Keep Two Thoughts

Personal essays


Night - Essay from Newsletter 195

On noting abundance not scarcity

Holding it wrong

I went out to run some errands yesterday.

I had to mail some tax stuff, return a couple of library books, and pick up a box of envelopes.

By the time I was heading home the snow was falling heavy and wet and the sun was setting - it wouldn’t be dinner time for a couple of hours.

Just a few days before the winter solstice and the shortest day of the year.

But maybe that’s the wrong way to think of these things.

Instead of the gross, slushy snow on my driveway as I walk from the garage to my back door, why not focus on the warmth waiting for me on the other side of that door.

I open the door and get a reminder as I’m greeted by the smell of the sandwich rolls I baked before I headed out on my errands.

Instead of us heading to the shortest day, maybe we should celebrate the longest night of the year and take time to remember when I used to do things at night worth smiling about.

Actually, my bed has become a different sort of magic place for me. I often am settling in when I start to see a solution for a problem I’ve been struggling with or a paragraph I’ve been unable to craft.

The wrong tree

So I’ve been updating my TopTracks app. It already worked on the iPhone, iPad, and AppleTV. Now it works on the Mac, Car Play, and the Apple Watch - at least you can control the iPhone version from the watch.

This last part had me stumped. I needed to send messages between the phone and the watch.

The watch needed to get the list of stations from the phone and the phone had to know if the user had selected a station to play on the watch or had played, paused or went forward or back in the currently playing song.

I could send some information from the watch to the phone but I didn’t seem to be able to send anything in the other direction.

I spent a day testing this and that.

I got tired of looking at my phone to see if the message got through so I put a “Play Random Station” button on the watch and I could hear the results without looking.

That turned out to be one of those accidents that led to me adding the ability to play a random station to the phone app as well. I may add it to Car Play and the AppleTV version - but then again, I might not.

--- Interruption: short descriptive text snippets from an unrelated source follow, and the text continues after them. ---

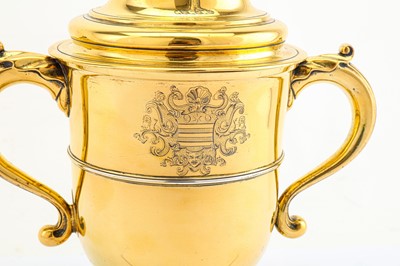 Lot 316 - A George II sterling silver-gilt twin handled...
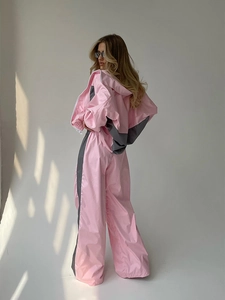 Dettaglio della tuta oversize rosa e grigia a contrasto con pantaloni a gamba larga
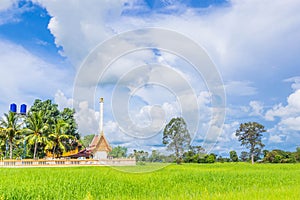 The soft focus of green paddy rice field with funeral pyre,crematorium, temple, beautiful sky and cloud in Thailand.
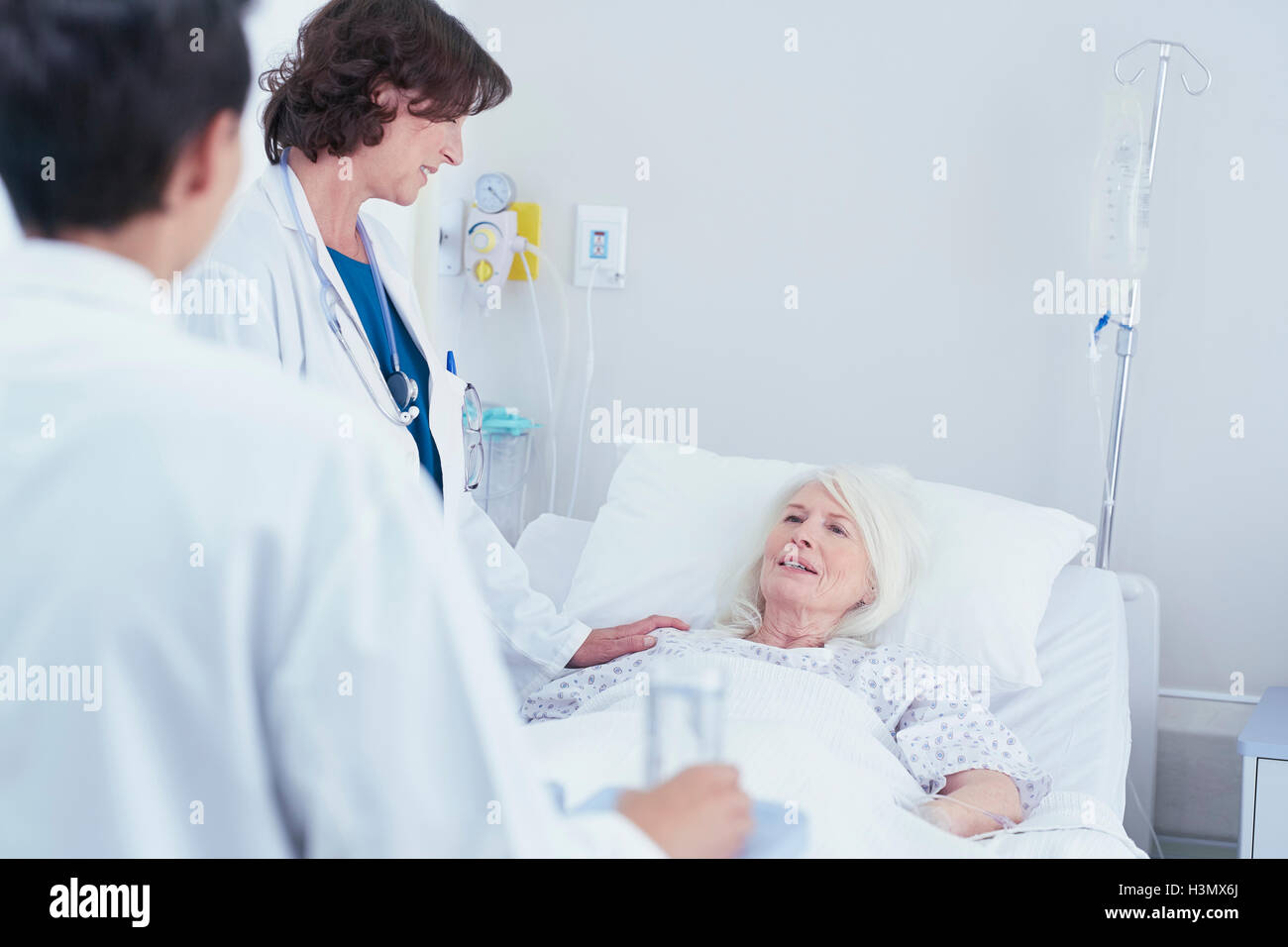 I medici a spiegare ai senior paziente femmina nel letto di ospedale Foto Stock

After a day of trying everything I could think of to send the list of stations to my watch, I decided I just couldn’t figure out how to do it and I went to bed.

The bed where answers sometimes pop into my head.

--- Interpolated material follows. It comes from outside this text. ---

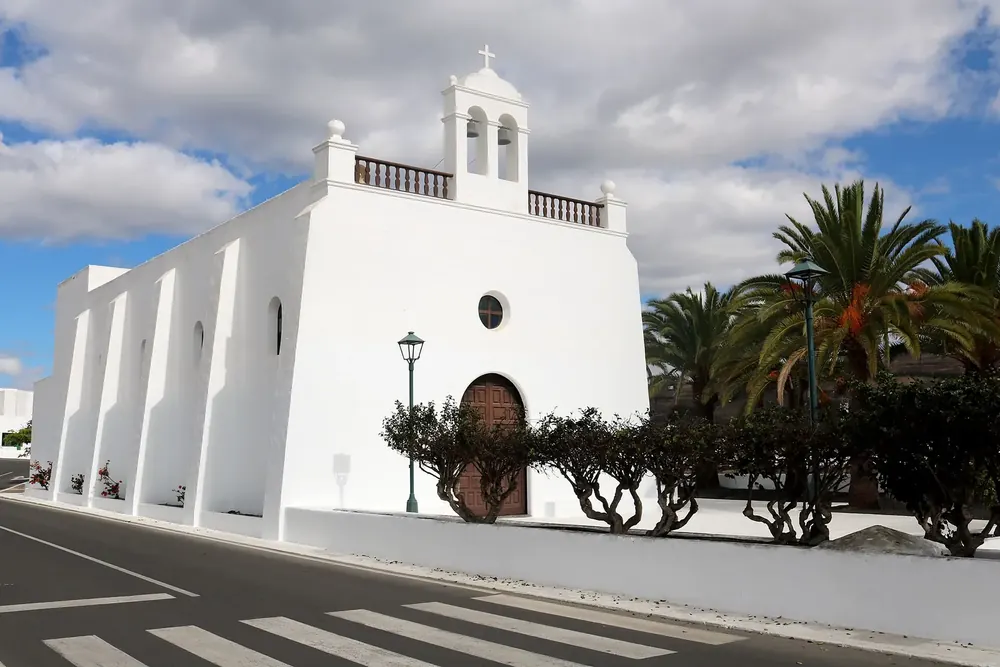 Iglesia San Isidro Labrador in Uga: weiße Kirche mit Glockengiebel und Holzportal zwischen Palmen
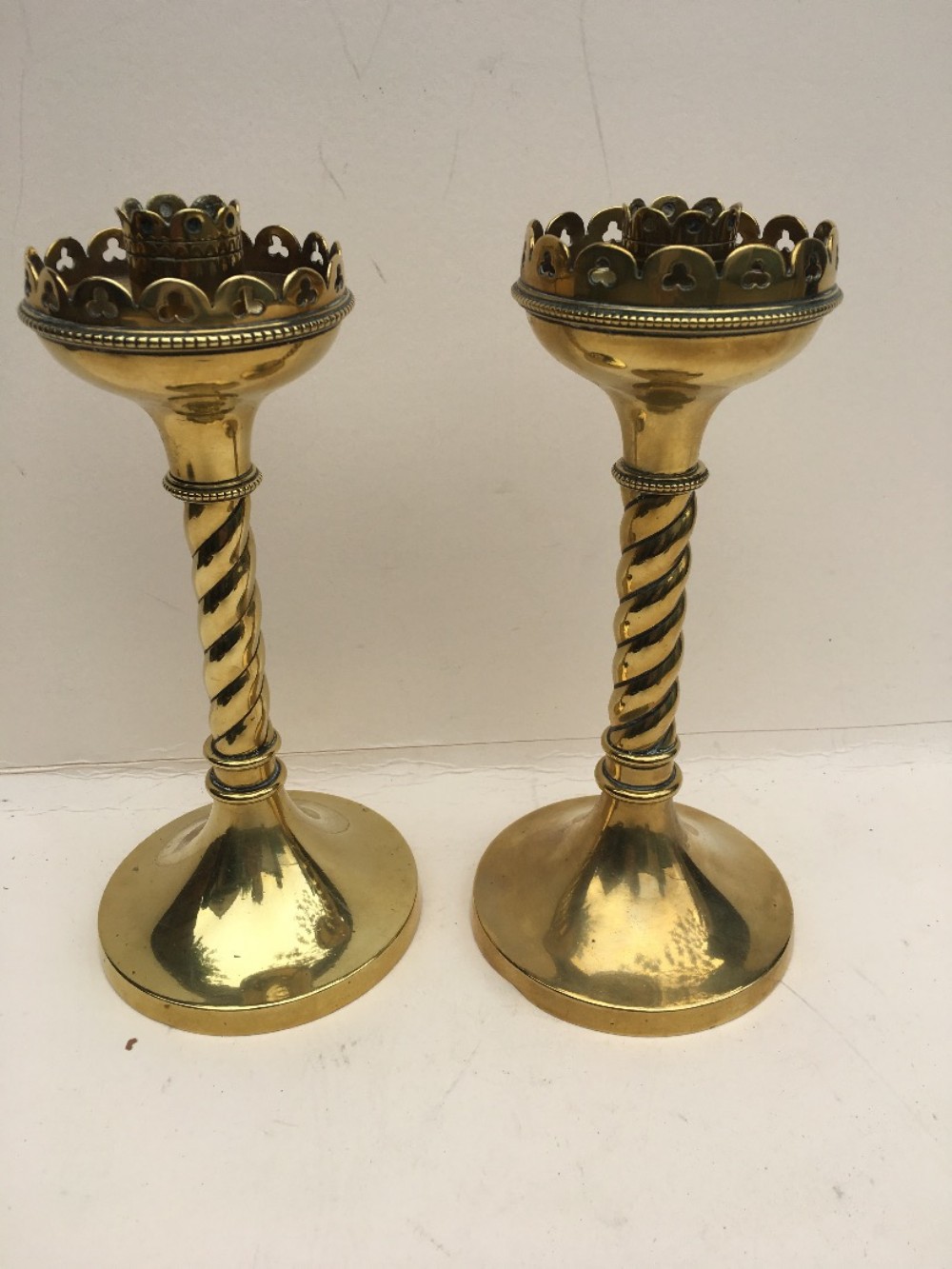 pair of brass gothic candlesticks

No sooner had I placed my head on my pillow but a voice inside my head asked why I needed to send the stations to the watch from the phone.

The phone was able to sync with my iPad, TV, and Mac using iCloud - why not use iCloud to get the stations to the watch as well.

Forget the technology, the last thought I had before falling asleep was that I’d spent the day trying to climb the wrong tree.

Celebrating failure

So this morning I got the stations listed on the watch.

Then I started to work on making it so you can tap a station on the watch and play it on the phone.

And then I realized a mistake I was making yesterday - and I fixed it.

And then I thought, thank goodness I didn’t fix it yesterday or I would have had a way harder approach to displaying the stations.

Thank goodness I couldn’t figure it out because the solution is way nicer.

Sometimes it’s nice to celebrate a long night instead of grumbling about a short day.